- _WHAT THIS TASK INVOLVES_
Write out the lines below exactly, beginning at the one with "Harnais chien rembourrée orange" and stopping after the one with "しょうが（根茎）の植物のようす"; the pictures are not copied.

- _TASK INPUT_
↓↓↓

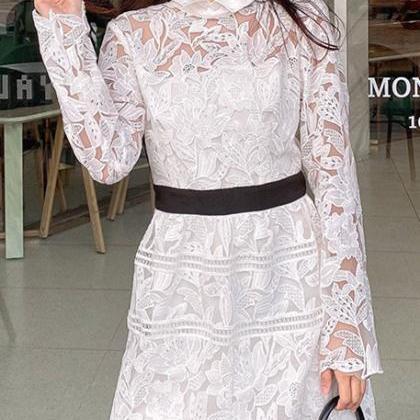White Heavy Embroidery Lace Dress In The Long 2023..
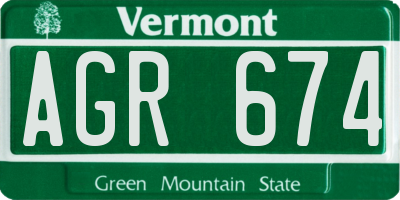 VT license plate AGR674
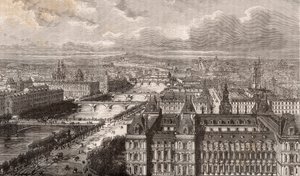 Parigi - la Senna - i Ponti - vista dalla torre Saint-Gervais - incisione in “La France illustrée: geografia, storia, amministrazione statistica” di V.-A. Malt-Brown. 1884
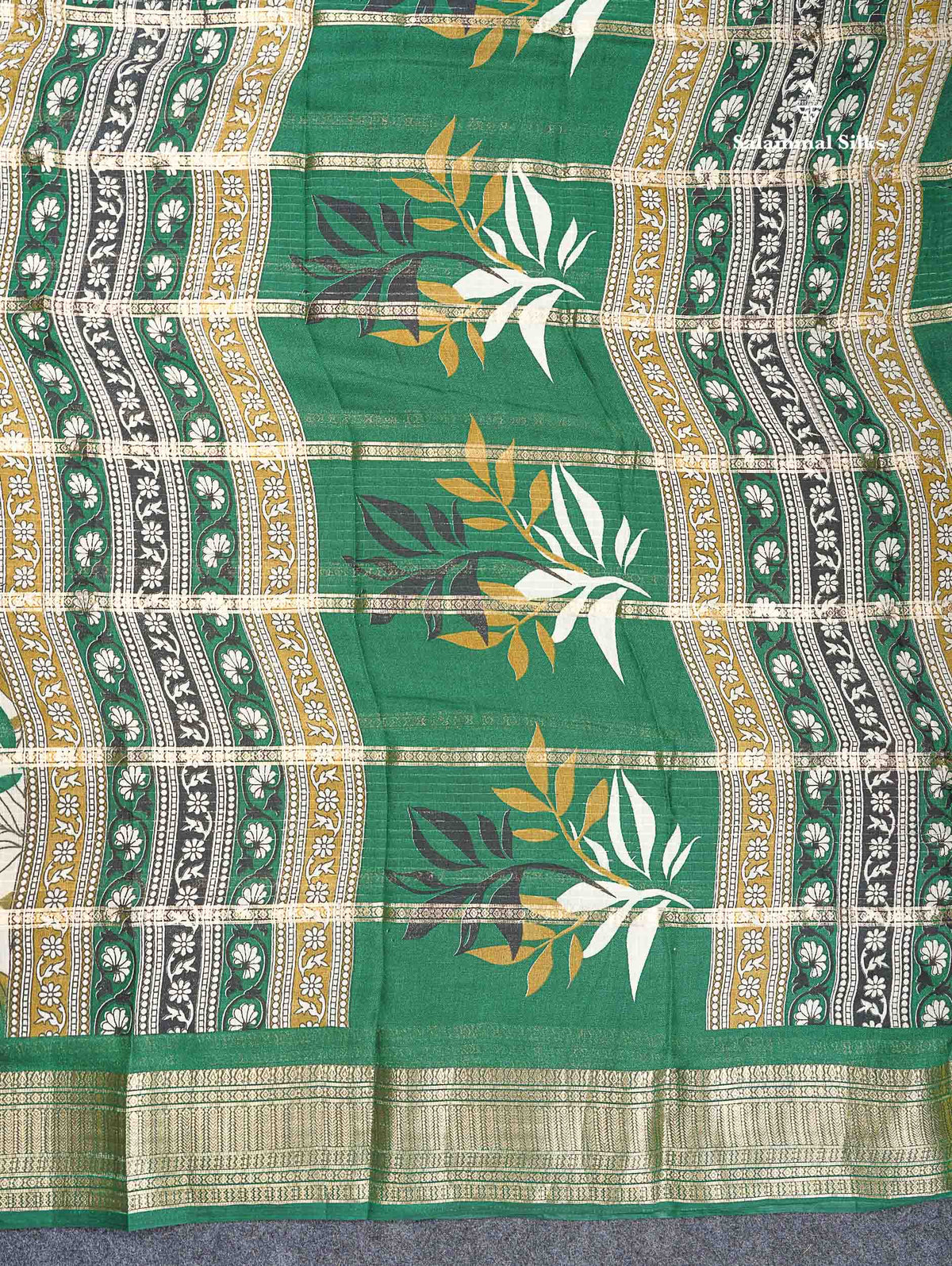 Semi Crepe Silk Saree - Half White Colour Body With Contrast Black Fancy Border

↑↑↑
↓↓↓

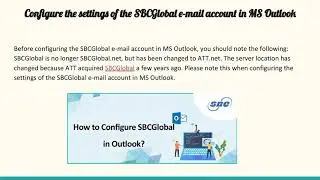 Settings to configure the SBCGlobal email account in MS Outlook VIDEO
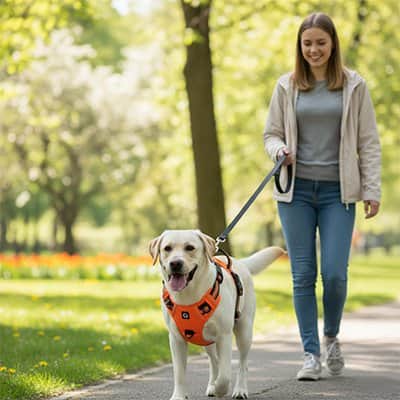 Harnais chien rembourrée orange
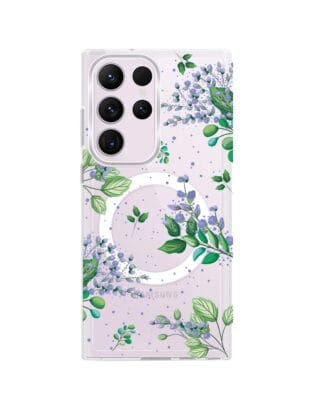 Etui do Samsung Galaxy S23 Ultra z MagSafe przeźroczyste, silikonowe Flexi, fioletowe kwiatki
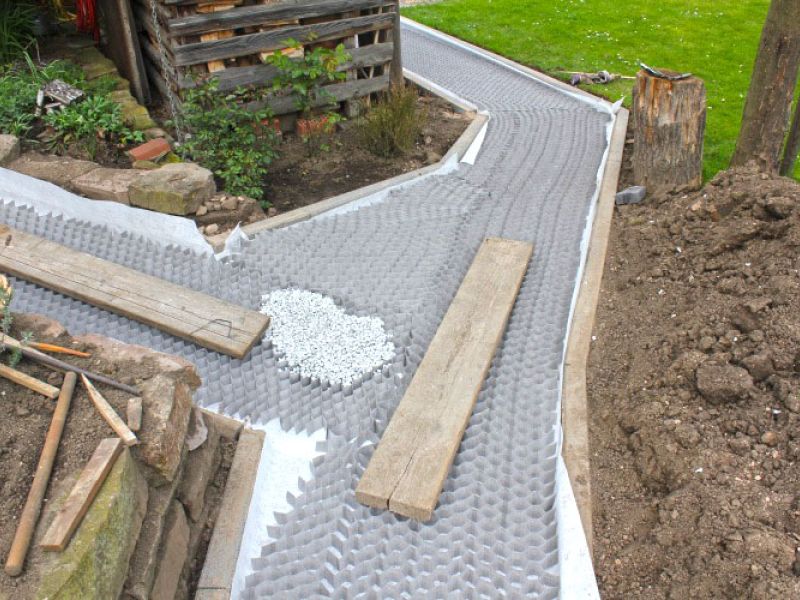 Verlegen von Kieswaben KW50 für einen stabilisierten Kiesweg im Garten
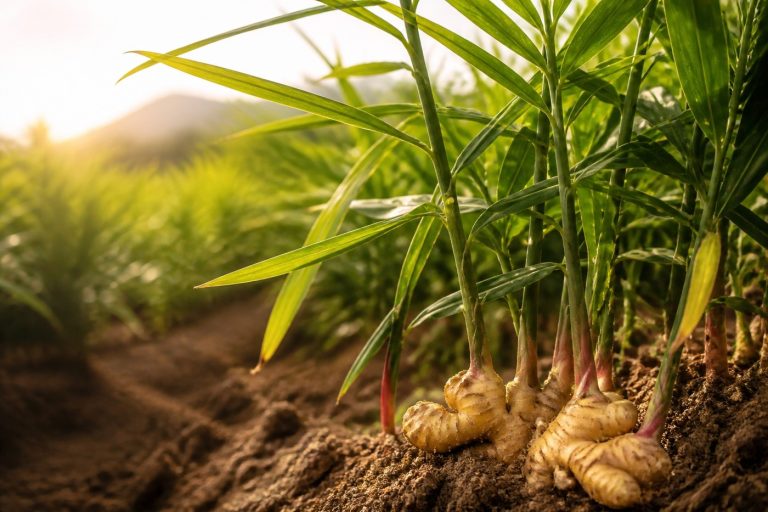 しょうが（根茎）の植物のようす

↑↑↑

- _RESPONSE AREA_
 Harnais chien rembourrée orange
 Etui do Samsung Galaxy S23 Ultra z MagSafe przeźroczyste, silikonowe Flexi, fioletowe kwiatki
 Verlegen von Kieswaben KW50 für einen stabilisierten Kiesweg im Garten
 しょうが（根茎）の植物のようす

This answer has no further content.